Rastignac, que no era hombre que supiera encajar una ofensa, se quedó como fulminado y se dejó llevar hacia el vano de una ventana por una mano férrea de la que le fue imposible sacudirse.

—Gallito recién salido del gallinero de mamá Vauquer, al que le ha faltado el valor de apoderarse de los millones del viejo Taillefer cuando lo más duro del trabajo estaba ya hecho4, ha de saber, para su seguridad personal, que si no se comporta con Lucien como si se tratara de un queridísimo hermano, está usted en nuestras manos sin que nosotros estemos en las suyas. Así que silencio y abnegación; si no, intervendré yo en su juego para desbaratarlo. Lucien de Rubempré está protegido por el poder más grande de hoy, la Iglesia. Elija entre la vida o la muerte. ¿Cuál es su respuesta?

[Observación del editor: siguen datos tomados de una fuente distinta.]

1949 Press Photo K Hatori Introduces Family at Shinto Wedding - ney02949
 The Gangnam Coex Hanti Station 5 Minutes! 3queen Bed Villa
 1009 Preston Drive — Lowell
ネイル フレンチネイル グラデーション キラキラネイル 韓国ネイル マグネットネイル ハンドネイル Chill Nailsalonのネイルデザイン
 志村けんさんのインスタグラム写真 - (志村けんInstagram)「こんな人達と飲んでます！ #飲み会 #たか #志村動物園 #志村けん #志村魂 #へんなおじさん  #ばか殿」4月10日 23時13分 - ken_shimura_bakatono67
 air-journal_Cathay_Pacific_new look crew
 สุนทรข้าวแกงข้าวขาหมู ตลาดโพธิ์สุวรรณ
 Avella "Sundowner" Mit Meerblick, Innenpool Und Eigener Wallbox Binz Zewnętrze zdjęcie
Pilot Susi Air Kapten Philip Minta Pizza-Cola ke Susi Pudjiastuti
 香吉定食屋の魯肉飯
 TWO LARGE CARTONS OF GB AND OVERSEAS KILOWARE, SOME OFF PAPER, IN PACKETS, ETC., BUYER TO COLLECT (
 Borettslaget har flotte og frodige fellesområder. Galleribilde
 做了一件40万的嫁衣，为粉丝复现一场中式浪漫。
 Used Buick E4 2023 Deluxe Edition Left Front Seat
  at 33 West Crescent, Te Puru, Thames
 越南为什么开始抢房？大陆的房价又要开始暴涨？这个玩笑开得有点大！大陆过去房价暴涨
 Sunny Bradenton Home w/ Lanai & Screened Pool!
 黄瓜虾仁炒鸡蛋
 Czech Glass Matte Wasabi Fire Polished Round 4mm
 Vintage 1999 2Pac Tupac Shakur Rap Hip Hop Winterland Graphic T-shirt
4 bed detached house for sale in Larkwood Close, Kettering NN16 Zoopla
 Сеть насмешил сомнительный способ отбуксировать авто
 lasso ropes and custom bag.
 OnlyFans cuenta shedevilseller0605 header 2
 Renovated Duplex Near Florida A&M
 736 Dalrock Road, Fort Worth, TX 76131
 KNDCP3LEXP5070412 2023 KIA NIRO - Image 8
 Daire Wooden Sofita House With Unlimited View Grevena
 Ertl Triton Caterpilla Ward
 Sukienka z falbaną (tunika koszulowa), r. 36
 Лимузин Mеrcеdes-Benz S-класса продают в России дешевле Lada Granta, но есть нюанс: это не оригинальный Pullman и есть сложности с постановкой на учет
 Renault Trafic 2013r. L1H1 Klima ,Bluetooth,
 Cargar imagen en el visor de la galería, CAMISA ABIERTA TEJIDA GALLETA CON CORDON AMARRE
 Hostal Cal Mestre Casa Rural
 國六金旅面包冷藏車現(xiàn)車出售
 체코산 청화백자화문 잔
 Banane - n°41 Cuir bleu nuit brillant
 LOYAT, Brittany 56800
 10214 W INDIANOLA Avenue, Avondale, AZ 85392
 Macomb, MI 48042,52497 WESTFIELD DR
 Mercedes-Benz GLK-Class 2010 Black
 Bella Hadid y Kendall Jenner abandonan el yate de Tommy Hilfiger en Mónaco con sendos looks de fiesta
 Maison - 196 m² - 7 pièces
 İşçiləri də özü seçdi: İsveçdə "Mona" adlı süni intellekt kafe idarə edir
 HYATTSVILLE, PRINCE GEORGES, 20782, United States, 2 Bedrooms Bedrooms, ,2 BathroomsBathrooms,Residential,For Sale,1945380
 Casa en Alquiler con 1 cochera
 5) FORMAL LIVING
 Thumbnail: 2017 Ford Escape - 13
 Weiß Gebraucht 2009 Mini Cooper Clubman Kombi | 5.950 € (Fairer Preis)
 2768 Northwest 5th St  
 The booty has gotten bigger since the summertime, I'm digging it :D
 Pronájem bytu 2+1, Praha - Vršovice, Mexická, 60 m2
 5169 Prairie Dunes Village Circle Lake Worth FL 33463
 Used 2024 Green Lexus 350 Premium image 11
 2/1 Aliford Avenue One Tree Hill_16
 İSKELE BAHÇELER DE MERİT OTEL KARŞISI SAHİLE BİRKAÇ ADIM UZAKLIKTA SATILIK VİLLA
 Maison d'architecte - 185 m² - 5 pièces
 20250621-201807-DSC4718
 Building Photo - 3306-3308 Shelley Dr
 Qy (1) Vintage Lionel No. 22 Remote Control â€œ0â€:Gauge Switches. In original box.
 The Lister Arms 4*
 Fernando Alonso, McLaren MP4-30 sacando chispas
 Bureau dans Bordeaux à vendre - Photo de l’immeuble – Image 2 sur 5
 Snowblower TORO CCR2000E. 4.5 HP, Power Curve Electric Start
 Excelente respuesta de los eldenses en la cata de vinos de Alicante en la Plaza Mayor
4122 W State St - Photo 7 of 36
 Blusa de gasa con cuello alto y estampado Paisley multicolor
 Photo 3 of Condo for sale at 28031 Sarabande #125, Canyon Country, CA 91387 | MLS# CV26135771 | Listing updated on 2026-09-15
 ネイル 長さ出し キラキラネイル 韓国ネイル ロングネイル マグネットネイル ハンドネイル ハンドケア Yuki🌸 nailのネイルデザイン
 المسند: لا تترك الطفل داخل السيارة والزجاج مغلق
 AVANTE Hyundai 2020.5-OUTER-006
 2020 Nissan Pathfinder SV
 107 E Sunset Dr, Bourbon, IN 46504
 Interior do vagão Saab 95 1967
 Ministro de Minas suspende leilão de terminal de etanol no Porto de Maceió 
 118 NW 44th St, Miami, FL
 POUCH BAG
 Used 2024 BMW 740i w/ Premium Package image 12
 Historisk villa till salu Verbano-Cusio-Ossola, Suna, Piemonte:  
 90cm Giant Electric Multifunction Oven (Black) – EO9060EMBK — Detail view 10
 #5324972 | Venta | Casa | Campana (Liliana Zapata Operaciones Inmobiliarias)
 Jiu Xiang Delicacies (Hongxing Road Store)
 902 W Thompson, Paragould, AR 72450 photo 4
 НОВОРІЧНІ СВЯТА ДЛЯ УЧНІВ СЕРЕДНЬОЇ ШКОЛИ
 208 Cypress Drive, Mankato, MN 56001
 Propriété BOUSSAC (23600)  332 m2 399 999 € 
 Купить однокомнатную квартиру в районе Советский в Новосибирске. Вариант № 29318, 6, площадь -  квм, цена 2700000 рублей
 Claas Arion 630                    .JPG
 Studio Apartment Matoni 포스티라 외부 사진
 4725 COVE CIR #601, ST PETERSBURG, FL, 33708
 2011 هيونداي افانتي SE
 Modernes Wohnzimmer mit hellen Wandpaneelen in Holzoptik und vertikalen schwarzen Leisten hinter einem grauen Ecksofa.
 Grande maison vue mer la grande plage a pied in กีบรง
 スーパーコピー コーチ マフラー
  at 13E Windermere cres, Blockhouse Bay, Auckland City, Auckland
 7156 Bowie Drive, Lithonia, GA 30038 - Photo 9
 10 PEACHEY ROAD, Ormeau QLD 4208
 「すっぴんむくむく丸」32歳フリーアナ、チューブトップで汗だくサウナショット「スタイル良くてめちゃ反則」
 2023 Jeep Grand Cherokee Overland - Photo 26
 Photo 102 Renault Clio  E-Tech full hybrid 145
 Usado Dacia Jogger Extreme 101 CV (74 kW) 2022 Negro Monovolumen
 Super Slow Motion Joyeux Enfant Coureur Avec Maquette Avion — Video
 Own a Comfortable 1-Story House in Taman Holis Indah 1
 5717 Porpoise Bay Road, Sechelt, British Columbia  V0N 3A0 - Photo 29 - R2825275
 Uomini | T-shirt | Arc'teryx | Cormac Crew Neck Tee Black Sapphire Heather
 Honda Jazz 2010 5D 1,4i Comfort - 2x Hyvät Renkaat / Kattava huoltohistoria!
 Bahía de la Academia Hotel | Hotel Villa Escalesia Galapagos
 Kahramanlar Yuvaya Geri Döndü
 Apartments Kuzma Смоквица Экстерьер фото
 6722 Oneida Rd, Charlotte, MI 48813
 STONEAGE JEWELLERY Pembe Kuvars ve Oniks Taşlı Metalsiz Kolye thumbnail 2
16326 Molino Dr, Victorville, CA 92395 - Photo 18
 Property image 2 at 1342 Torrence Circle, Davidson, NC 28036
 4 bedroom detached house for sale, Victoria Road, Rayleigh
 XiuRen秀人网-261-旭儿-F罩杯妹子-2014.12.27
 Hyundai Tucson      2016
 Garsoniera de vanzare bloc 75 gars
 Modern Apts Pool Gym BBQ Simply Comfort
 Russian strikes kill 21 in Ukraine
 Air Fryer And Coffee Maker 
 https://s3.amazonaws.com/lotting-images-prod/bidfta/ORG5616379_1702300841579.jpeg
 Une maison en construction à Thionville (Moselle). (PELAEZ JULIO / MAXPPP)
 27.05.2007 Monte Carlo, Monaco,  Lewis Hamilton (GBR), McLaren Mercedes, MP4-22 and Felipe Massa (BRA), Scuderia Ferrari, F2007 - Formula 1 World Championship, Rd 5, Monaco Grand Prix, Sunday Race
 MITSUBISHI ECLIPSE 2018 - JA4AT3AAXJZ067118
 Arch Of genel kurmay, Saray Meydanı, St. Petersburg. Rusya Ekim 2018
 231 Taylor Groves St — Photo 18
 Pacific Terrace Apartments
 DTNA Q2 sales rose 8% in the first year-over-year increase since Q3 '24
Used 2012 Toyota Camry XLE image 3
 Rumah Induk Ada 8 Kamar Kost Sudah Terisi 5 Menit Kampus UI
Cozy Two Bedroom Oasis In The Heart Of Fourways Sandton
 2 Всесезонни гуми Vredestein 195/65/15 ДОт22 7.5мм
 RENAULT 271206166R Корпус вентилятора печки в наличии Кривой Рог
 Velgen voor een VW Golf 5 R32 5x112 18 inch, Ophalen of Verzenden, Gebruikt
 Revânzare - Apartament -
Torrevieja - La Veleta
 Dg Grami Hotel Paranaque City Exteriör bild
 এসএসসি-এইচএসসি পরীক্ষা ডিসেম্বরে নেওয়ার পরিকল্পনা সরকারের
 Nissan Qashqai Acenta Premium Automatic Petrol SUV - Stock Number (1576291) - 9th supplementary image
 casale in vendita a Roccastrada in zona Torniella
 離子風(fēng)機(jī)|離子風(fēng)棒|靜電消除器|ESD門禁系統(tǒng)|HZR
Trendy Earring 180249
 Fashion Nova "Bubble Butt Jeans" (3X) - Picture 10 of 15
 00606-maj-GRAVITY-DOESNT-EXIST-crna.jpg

Rastignac se sintió presa del vértigo, como un hombre dormido en medio de un bosque que se despertara al lado de una leona famélica. Tuvo miedo, pero sin testigos: los hombres más valerosos se abandonan entonces al miedo.

—Sólo él puede saber… y puede atreverse… —se dijo como para sí mismo.

La máscara le apretó la mano para que no terminara la frase:

—Así que actúe como si fuera él —dijo.

OTRAS MÁSCARAS

Rastignac se comportó como un millonario asaltado por el camino real por un bandolero: capituló.

—Mi querido conde —dijo a Châtelet volviendo a su lado—, si tiene interés en conservar su posición, trate a Lucien de Rubempré como a alguien a quien algún día encontrará situado más alto de lo que está usted.

La máscara dejó escapar un ademán imperceptible de satisfacción y se puso de nuevo tras los pasos de Lucien.

—Querido amigo, ha cambiado usted muy rápido de opinión respecto a él —respondió el prefecto, justamente asombrado.

—Tan rápido como los que están con el centro y votan a la derecha —respondió Rastignac a ese prefecto-diputado que, desde hacía pocos días, negaba su voto al Gobierno.

—¿Acaso hay opiniones hoy en día? No, no hay más que intereses —replicó Des Lupeaulx, que los escuchaba—. ¿De qué se trata?

—Del señor de Rubempré, que Rastignac quiere hacerme creer que es un personaje —dijo el diputado al secretario general.

—Mi querido conde —le respondió Des Lupeaulx muy serio—, el señor de Rubempré es un joven de gran mérito y con tales apoyos que me consideraría dichoso si pudiera reanudar la relación con él.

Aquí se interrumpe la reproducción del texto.